Anyone here have experience with how to deal with corporate actions and how one should adjust the price series accordingly so that, eg, your VaR makes sense? Obviously if it’s a share split one simply adjusts for that. The problem for me is what if it’s a special dividend or something whereby the price does a big enough jump to generate a VaR scare? Is there a rule out there, or a specific way people deal with this in terms of massaging a price series so that this doesn’t happen? Any help or direction would be much appreciated.

What’s different about adjusting price for a split than for any other corporate action?

Well the maths for a split, and the logic for me, are seemingly straightforward. The share splits 10 for 1, you multiply the price by 10. When it comes to dividends, it just seems very nebulous - so the share price is x, they pay a dividend of y that is larger than usual producing a price drop of, say, 15%…what do you do? Where is the line? That price drop will come through in VaR unless you have adjusted the data accordingly. I just want to know if there is a hard and fast rule about dealing with these things, or do you randomly adjust some share price series and not others. I’m happy to be asking a completely stupid question (I am a muscian after all by training, sorry in that case!), just wondered if anyone had any input here.

mschumacher Wrote: ------------------------------------------------------- > Well the maths for a split, and the logic for me, > are seemingly straightforward.

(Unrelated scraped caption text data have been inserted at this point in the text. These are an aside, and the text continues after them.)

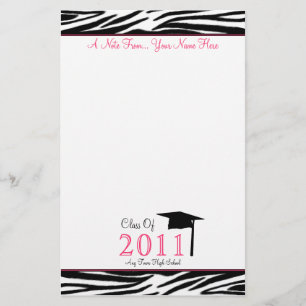 Zebra-Druck-Abschluss-Briefpapier-Klasse von 2011 Briefpapier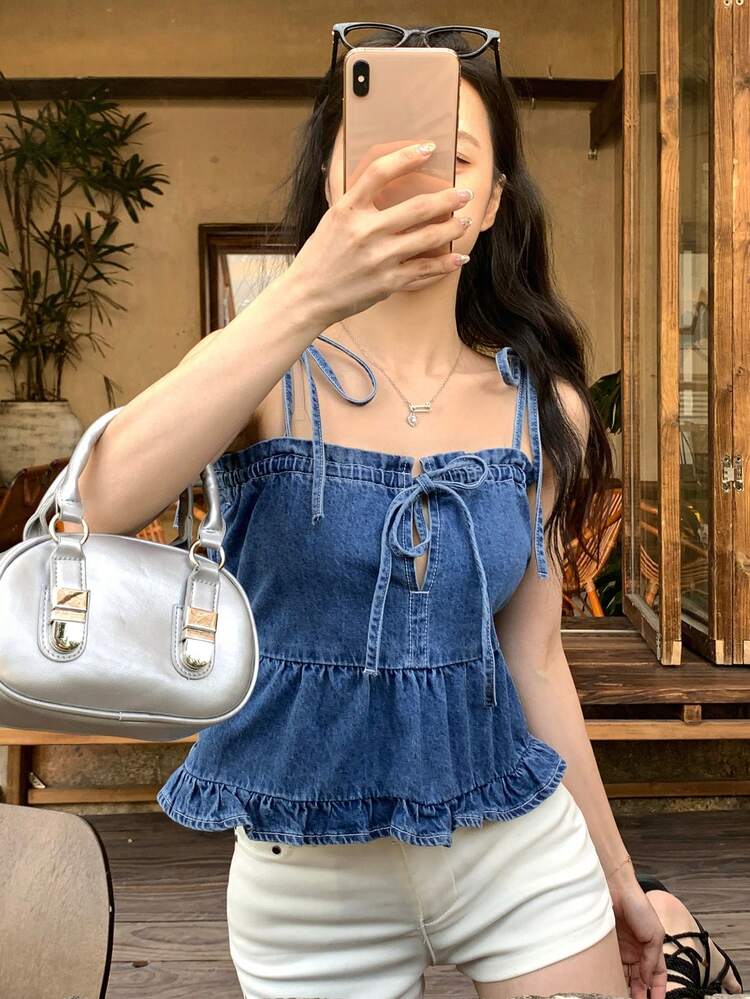 Women's Solid Color Spaghetti Strap Summer Tie-Up Ruffle Hem Denim Blouse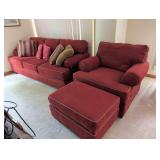 Red Upholstered Sofa, Armchair, and Ottoman Set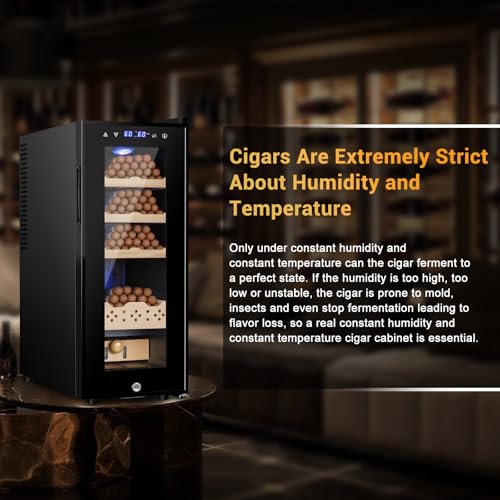 Electric Humidor Cabinet 35L with Digital LED Screen and Humidity Control C6096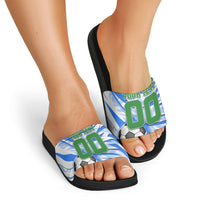 Personalized Uzbekistan Soccer Slide Sandals White Wolves Football Halftone Pattern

The share splits 10 > for 1, you multiply the price by 10. > Almost certainly not - you back-adjust so the current price in your data matches the market price. > > When it comes to dividends, it just seems very > nebulous - so the share price is x, they pay a > dividend of y that is larger than usual producing > a price drop of, say, 15%…what do you do? Multiply all prices prior to ex-dividend price by 0.85 > Where > is the line? There is no line except the one that says you adjust for all dividends and corporate actions. > That price drop will come through in > VaR unless you have adjusted the data accordingly. Yep > I just want to know if there is a hard and fast > rule about dealing with these things, or do you > randomly adjust some share price series and not > others. > Of course not > > I’m happy to be asking a completely stupid > question (I am a muscian after all by training, > sorry in that case!), just wondered if anyone had > any input here. There might be some technical analysis applications for which the reinvested multiplicative back-adjusting isn’t right but these are not about VaR but about system trading.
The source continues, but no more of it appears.